CSW has been reporting on the personal and organisational challenges created by pay restraint for many years. So, we welcome the first concrete signs of a crack in the cap.

Today’s reports of pay rises for police and prison officers follow briefings from “senior Whitehall sources” to The Sun which suggested public sector pay review bodies will be given the green light to recommend rises for other groups such as nurses and senior civil servants, to be phased in over a few years.

If the briefings prove to be true – and so far we have a mixed picture, with the police and prison officers given a below-inflation rise rather than one in-line with inflation as the source suggested – it would be good news for many civil servants, who have found themselves working increasingly long hours and delivering against an historic set of challenges for, in many cases, less money. 

However, only the top grades of the civil service are covered by such a review – without an accompanying look at pay in general, there will continue to be recruitment problems in many key areas, with basic pay in some specialisms remaining well below that of equivalent private sector posts.

Then there is the question of whether the loosening of pay rules is accompanied by any slackening of the Treasury’s purse-strings.

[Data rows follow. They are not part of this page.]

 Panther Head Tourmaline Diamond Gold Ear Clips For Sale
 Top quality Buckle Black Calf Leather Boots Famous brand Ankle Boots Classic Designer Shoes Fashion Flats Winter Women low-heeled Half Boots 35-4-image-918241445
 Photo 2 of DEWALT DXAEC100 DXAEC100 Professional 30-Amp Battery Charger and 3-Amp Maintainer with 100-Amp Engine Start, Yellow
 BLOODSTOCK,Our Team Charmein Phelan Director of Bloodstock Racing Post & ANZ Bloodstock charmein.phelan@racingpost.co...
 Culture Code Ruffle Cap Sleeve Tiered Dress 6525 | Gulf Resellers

Will there be an increase in departmental budgets – or at least a slowing of their planned reduction? The signs do not look good: the Home Office has said that police forces must fund the pay rises for their offices from within existing budgets.

If other pay rises follow this model then departments will be asked to make operational efficiencies to fund the pay boost. But earlier this year, the Institute for Government sounded the alarm on previous attempts to save money through reforms. Its first Performance Tracker, evaluating a number of public services, found many services were under strain and attributed this not to public spending cuts in themselves, but to a failure to make sustainable, long-term efficiencies.

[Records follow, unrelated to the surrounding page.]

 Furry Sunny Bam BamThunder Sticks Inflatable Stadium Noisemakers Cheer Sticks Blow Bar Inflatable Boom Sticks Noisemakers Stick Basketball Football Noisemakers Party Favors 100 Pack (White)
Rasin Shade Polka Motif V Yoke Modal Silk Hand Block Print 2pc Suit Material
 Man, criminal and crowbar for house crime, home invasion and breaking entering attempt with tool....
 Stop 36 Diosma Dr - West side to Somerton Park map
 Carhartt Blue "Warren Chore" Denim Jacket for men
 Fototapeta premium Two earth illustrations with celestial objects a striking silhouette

Writing in CSW as the report was published, IfG researcher Emily Andrews noted that wage controls had been one example of short-term “belt tightening measures” put in place after the 2010 spending review at the expense of undertaking more “politically and organisationally challenging reforms” such as managing demand, properly integrating services or making better use of IT.

In the Autumn Budget, we will get a clearer sense of whether government is taking a new approach to meeting its fiscal goals. CSW has long argued for a fresh look pay across government. But to scrap the cap without a wider reconsideration of how staff are rewarded, services are funded, and meaningful, long-term reforms are achieved could soon undermine any goodwill that comes the government's way.